In sum, Ohio State is no more a punching bag than USC is an unconquerable fortress of football greatness.  WHOA!!! The Trojans, untested by the lamb that is UVA, are more than capable of losing this contest, particularly if their gunslinging quarterback continues his Favre-esque penchant for forcing the football into tight coverage.

ELSEWHERE…

 

Stewart Mandel SI’s premier CFB pundit, Stewart Mandel, handsome devil that he isn’t, crafted the following response to an e-mail query this week:

I’ll cut right to the chase. Florida overrated? Miami underrated? Or somewhere in between?
– Kyle, Miami

Despite the final score, Miami showed a lot of progress last Saturday night. The ‘Canes’ influx of young talent on defense seemed to have an immediate effect, holding down Tim Tebow and the Gators’ cast of skill players for the better part of three quarters. And the impact of new defensive coordinator Bill Young, formerly of Kansas, was undeniable. Miami mixed up its blitzes and coverages far more than it did when Randy Shannon was still calling the shots on defense (though in his defense, Shannon didn’t have much need for trickery back when his arsenal included Ed Reed, Sean Taylor, Jonathan Vilma, Antrel Rolle …)

Are the ‘Canes underrated? That’s hard to say when they weren’t “rated” to begin with. SI picked Miami to go 7-5 going into the season, and that’s probably still a fairly realistic projection. Because of their youth, the ‘Canes figure to be inconsistent, and while QB Robert Marve looked good at times in his debut, he’s still clearly lacking talent around him.
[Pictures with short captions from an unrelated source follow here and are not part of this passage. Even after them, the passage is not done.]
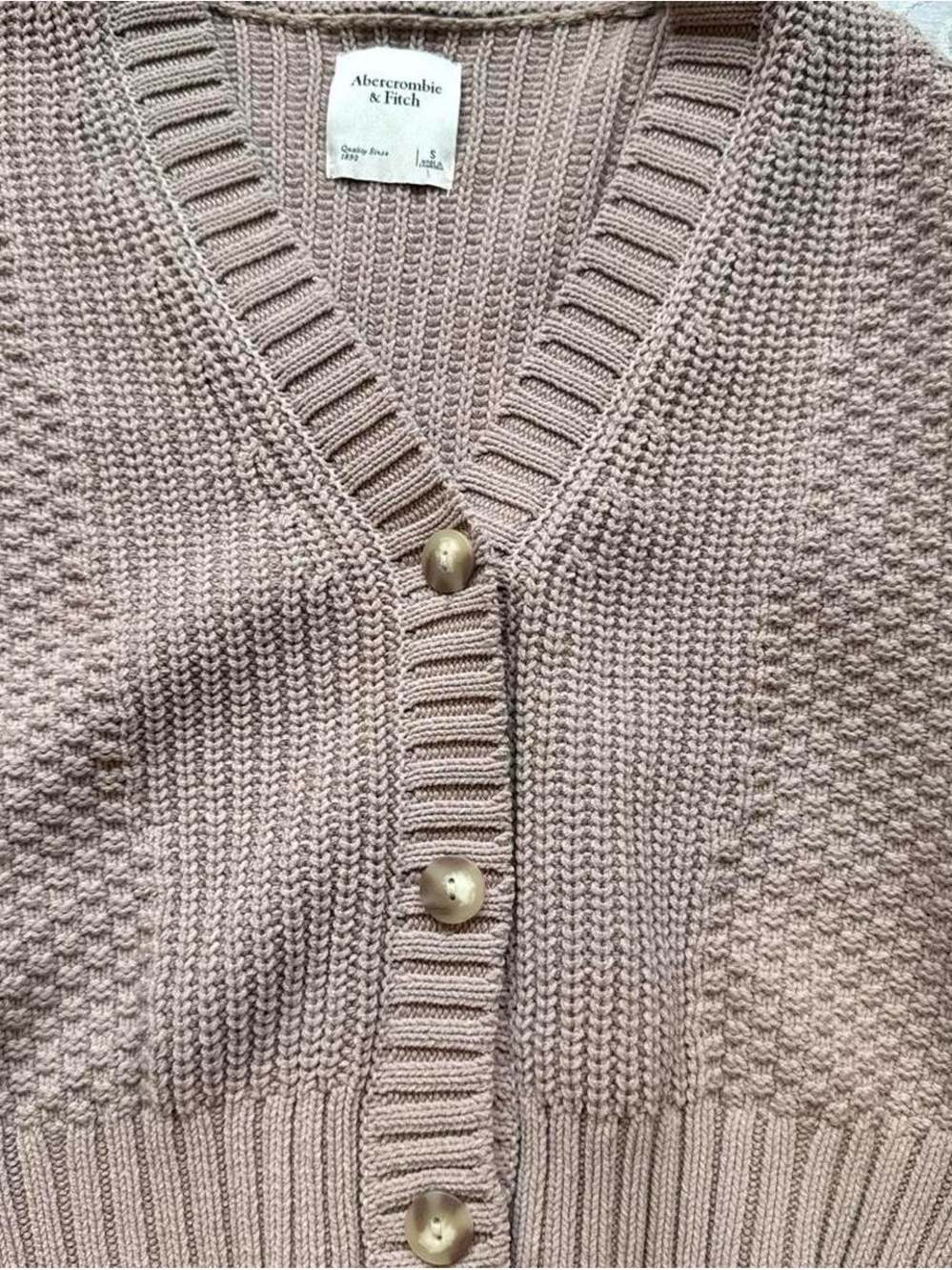Abercrombie & Fitch Women's Taupe Knit Button Cardigan - Picture 3 of 5
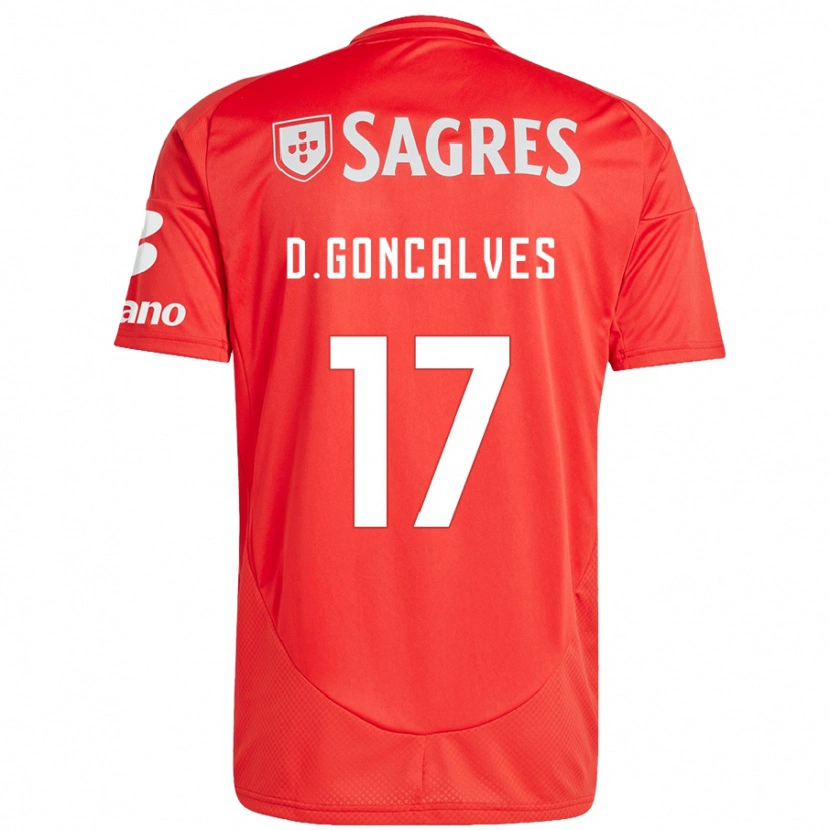 Danxen Niño Camiseta Diogo Goncalves #17 Rojo Blanco 1ª Equipación 2024/25 La Camisa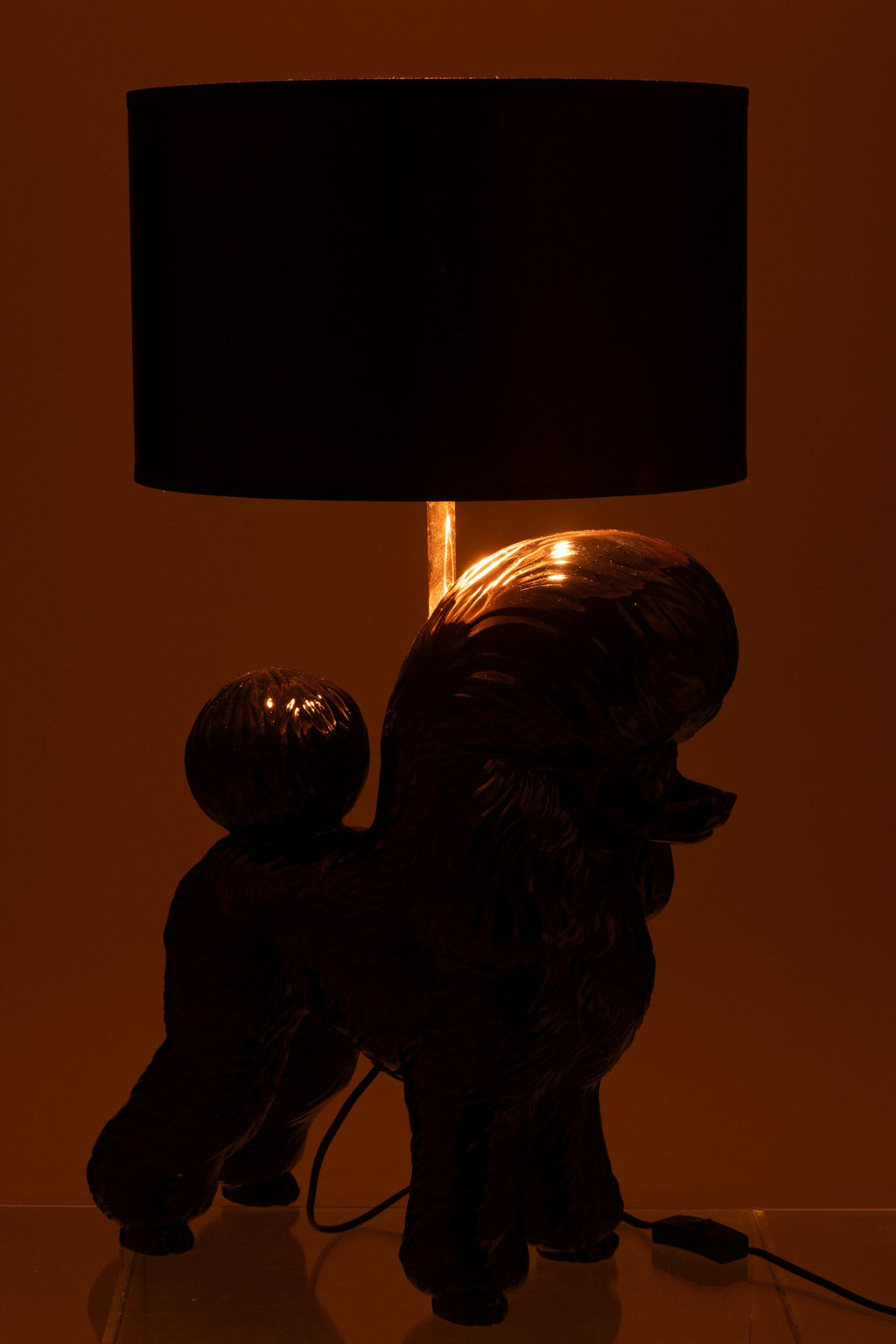 J-Line lamp Hond Poodle - polyresin - zwart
And yes, I do think the Gators are slightly overrated. While my fellow pollsters elevated them to fourth over the weekend, I kept them at seventh (which, I later found out, was the lowest of any AP voter. While some Florida fans are viewing Saturday’s performance as a sign of their defense’s return to dominance — what did they expect against such a young and suspect offense? My concerns with the Gators’ offense remain the same. For all this talk about Urban Meyer’s stockpile of weapons, at the end of the day, Florida once again relied almost entirely on Tebow and Percy Harvin to run the ball. It burned them against Georgia and Auburn last season, and it will burn them on a couple occasions this season if somebody else doesn’t step up soon.

SNL couldn’t disagree more with Stewie’s conclusion of the Gator’s 2008 team, but has to admit that unless and until Florida puts together an explosive and well-balanced offensive performance against a meaningful opponent, Mandel’s poorly crafted perception will be the norm rather than the exception.